I alone am truly pure, consisting of darshana and jnana, ever-formless. There is nothing at all that is other to me — not even a single paramanu (atom).

Core Doctrine The Soul's Declaration · Aham Ekah Khalu Shuddha

The Poorvarang's closing voice: "I alone am pure, made of knowing and perceiving, eternally formless. Nothing whatsoever — not even an atom — is other to me or mine." This is the soul speaking from complete self-knowledge. Every gatha before this was preparation for this recognition.

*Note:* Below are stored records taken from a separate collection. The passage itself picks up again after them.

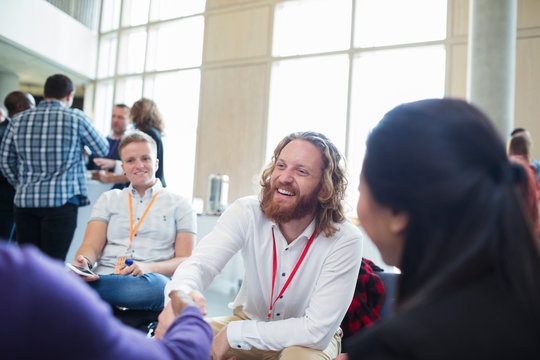 Smiling businessman shaking hands with colleague at conference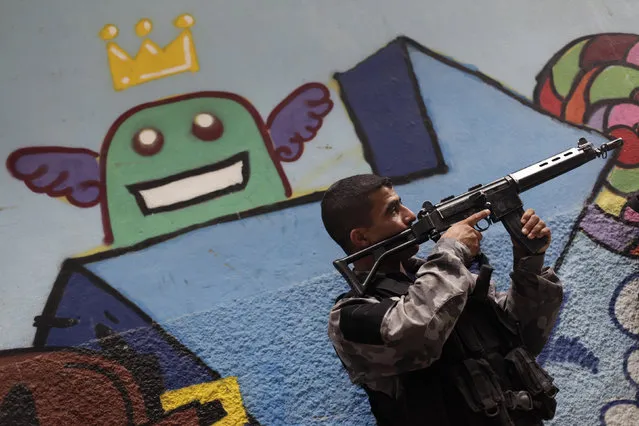 A police officer takes up position during an operation at the Mare slums complex in Rio de Janeiro March 25, 2014. (Photo by Ricardo Moraes/Reuters)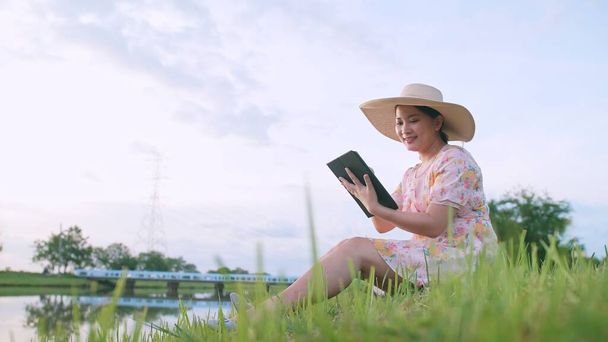 Mulher asiática relaxante com o uso de dispositivo portátil sentado no gramado perto do rio. - Foto, Imagem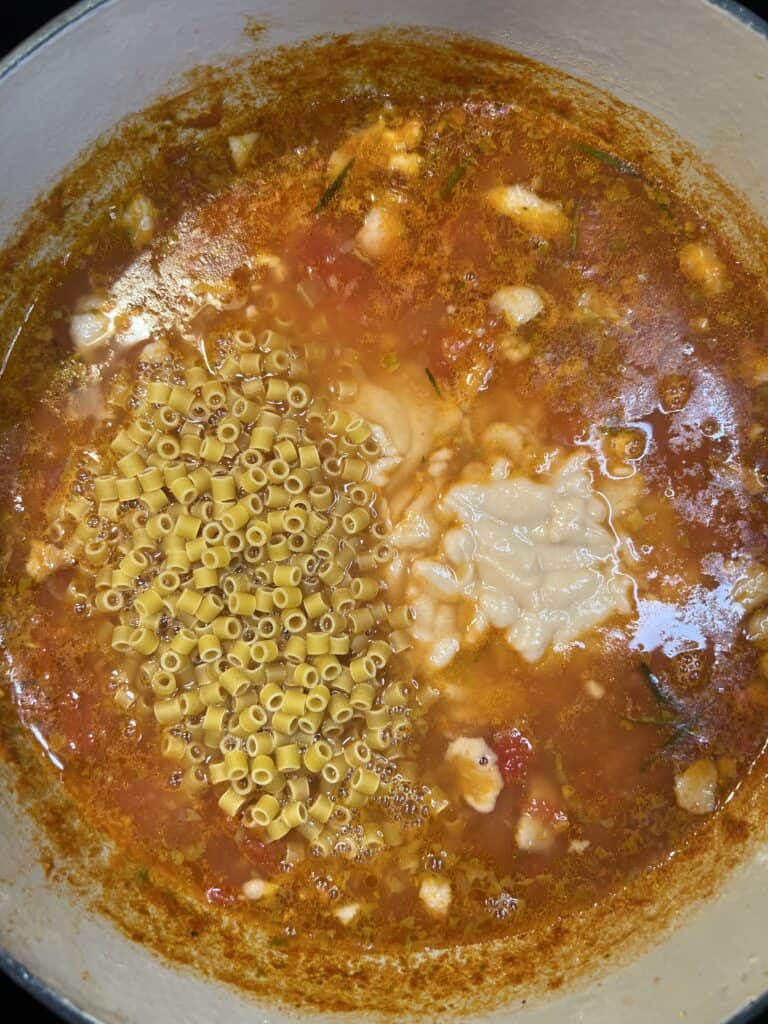 Ditalini pasta and blended beans added to the soup base for Pasta Fagioli
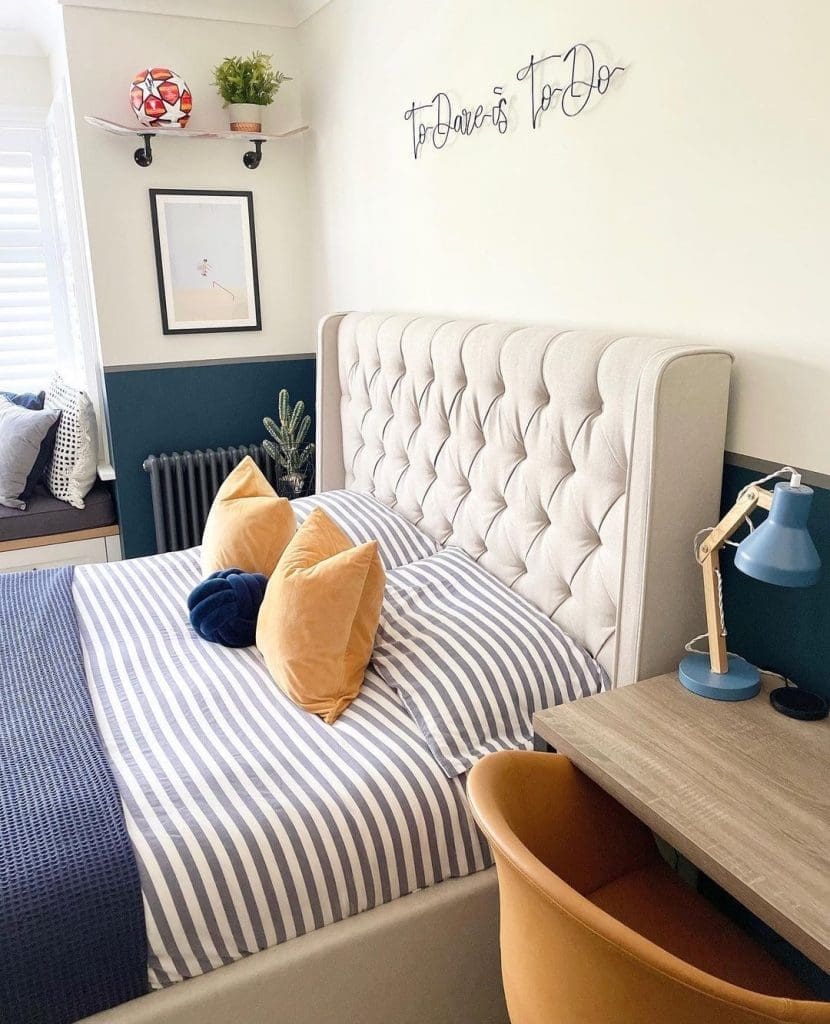 Teen boy bedroom in mustard and navy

The Poorvarang closes — after 38 gathas of philosophical argument, analogy, refutation, and progressive deepening — with this verse of pure first-person self-declaration. It is not a doctrine. It is a voice. The voice of the soul that has genuinely arrived at self-knowledge, speaking from within its own recognition. "I alone" — ekah: singular, undivided, without a second. "Truly pure" — shuddhah: not relatively pure or becoming pure, but intrinsically pure. "Consisting of darshana and jnana" — the soul is nothing other than perceiving and knowing; these are not attributes it has but what it is. "Ever-formless" — sada arupi: not formless only in liberation but always, eternally; the soul has never had physical form as its nature. "Not even a paramanu" — not the smallest atom belongs to it or constitutes it. Every gatha — from the definition of samaya in Gatha 1 to the equation of knowledge with renunciation — has been clearing the ground for this final recognition. The Poorvarang ends not with a logical conclusion but with a living realization: I am this.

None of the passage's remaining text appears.